Context Encoder — Image inpainting using GAN

Tomáš Halama
knowledge-engineering-seminar
8 min readMay 2, 2020

Context Encoder [1] is an architecture used for image inpainting, which has proved to have a high potential and was used as a foundation for many other advanced and more robust approaches to image inpainting. In this blog, I aim to present you with what image inpainting is, how it can be useful, and what are the crucial ideas that Context Encoder presented.

Image inpainting, what and how?

One of the problems that keep emerging ever since the discovery of a camera is that images can become damaged in various ways, and it’s often required to repair them. The task of image inpainting requires us to fill in a specified region in an image based on the rest of the picture. Historically this would be done by a professional artist, who may spend hours or even days restoring a single image or painting. Thankfully, due to recent advances in computer science, there are other methods that can aid us when restoring image data. Besides, we can use inpainting techniques to fix various image anomalies.

These types of data anomalies include but are not limited to blurred areas, watermarks, unwanted objects or even widespread noise. To perform successful image inpainting, we need to provide a seamless and plausible replacement for a specific region of pixels in the image.

If you have ever used a tool like Adobe Photoshop to retouch photos, you might just get the right idea. Removing imperfections from a person’s face is the same thing as inpainting the area where the imperfections are!

Retouching in Adobe Photoshop

Unfortunately, most of the standard methods used to perform computer-aided inpainting (such as Adobe Photoshop) rely on local features such as colours and textures, but they fail to consider the global semantics of the image. Results of these methods work well for cases where image corruption is minor or straightforward to fill in, but not that well for cases with more significant damage, failing to produce reasonable or plausible outcomes [1]. When presented with a solution that respects semantics of the image, we can e.g. generate an entire face of a person based on an outline of the head. This is not easily done through standard algorithms, that are used daily by graphics designers in tools such as Adobe Photoshop. As a consequence, we can see there might be a desire for a solution that can do such a feat.

Comparison of a neural network approach and mainstream approach. Source: [1]

GAN

A significant number of state-of-the-art methods use generative deep neural networks and their results look very promising. One of the ways to generate globally well-organized and coherent images is to introduce a second neural network, an adversary that tries to decide whether the generated results look artificial or genuine. The original generating network can learn to produce results that are much less likely to be discarded as artificial using information from this adversary network. These two networks are called a generator and a discriminator. This architecture, called Generative Adversarial Nets (GAN), was proposed in 2014 in [3].

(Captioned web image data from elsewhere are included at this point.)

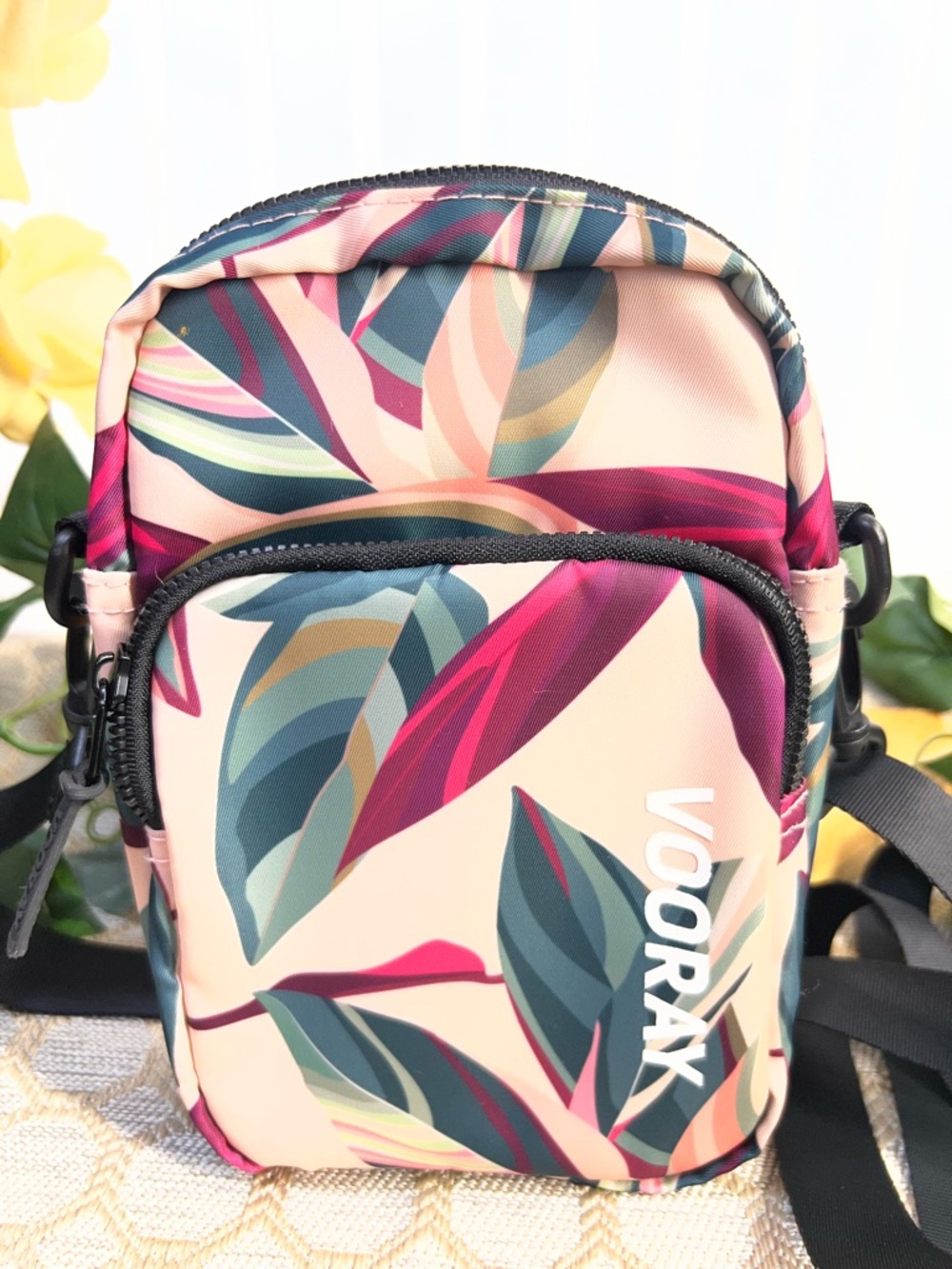 Vooray Core Crossbody Bag Tropical Leaf Print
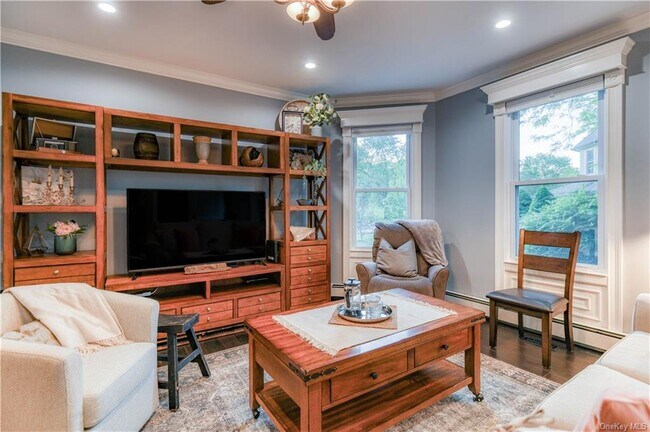 Building Photo - 105 Main St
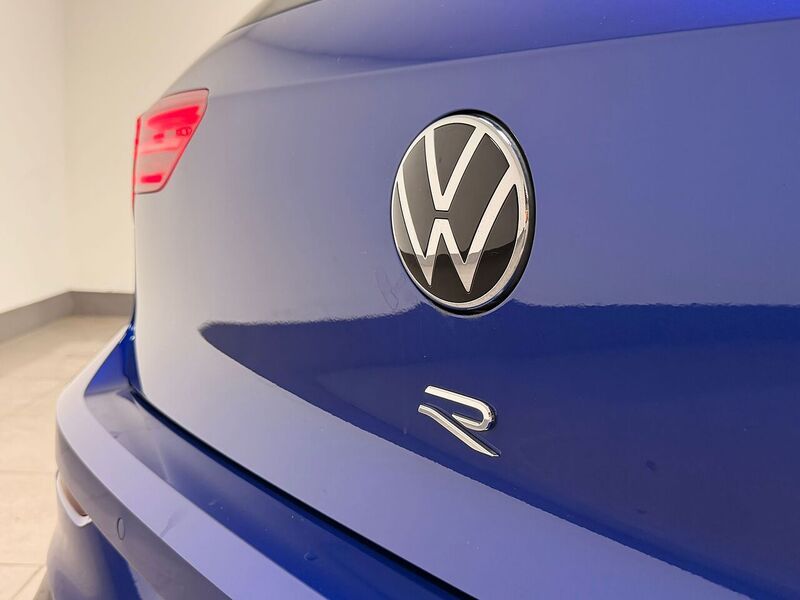 Volkswagen Golf TSI R - U400059540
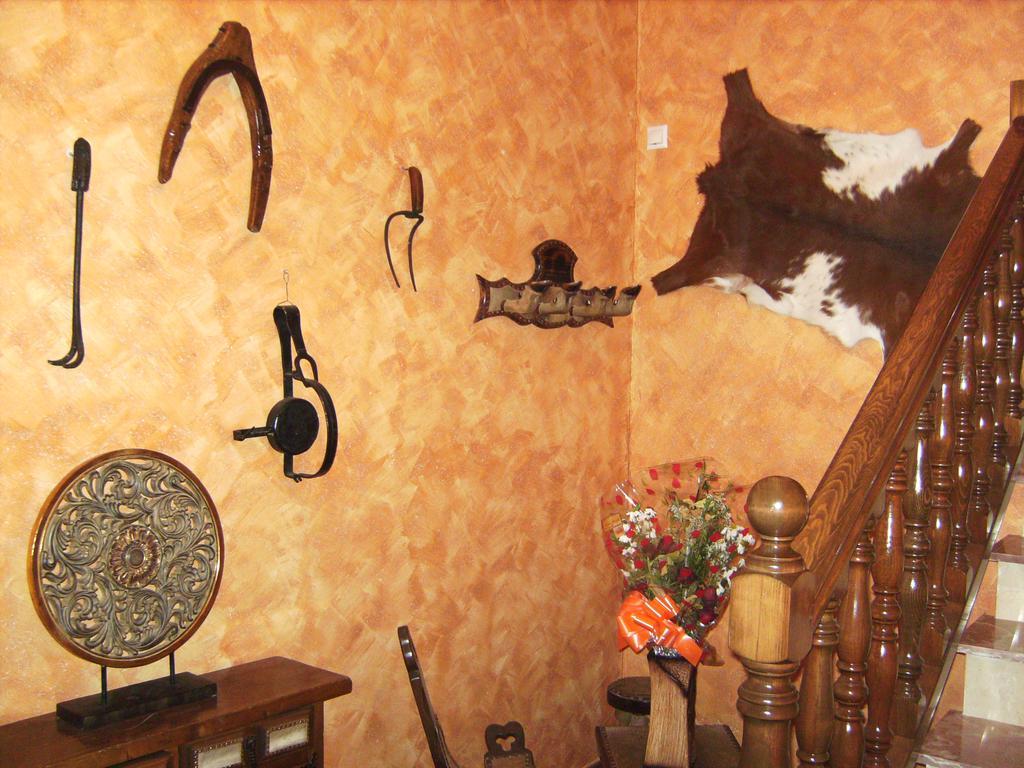 Hostal La Aldaba Hotel Montearagon Ngoại thất bức ảnh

GAN architecture. Source: https://www.slideshare.net/xavigiro/deep-learning-for-computer-vision-generative-models-and-adversarial-training-upc-2016

Denoising Autoencoder

In addition to GAN, to make the architecture of Context Encoder and its basic ideas simpler to understand, in the few following paragraphs, we will quickly present the concept of an autoencoder and put an emphasis on a model called Denoising Autoencoder. This hopefully makes the transition to understanding the core ideas behind Context Encoder simpler.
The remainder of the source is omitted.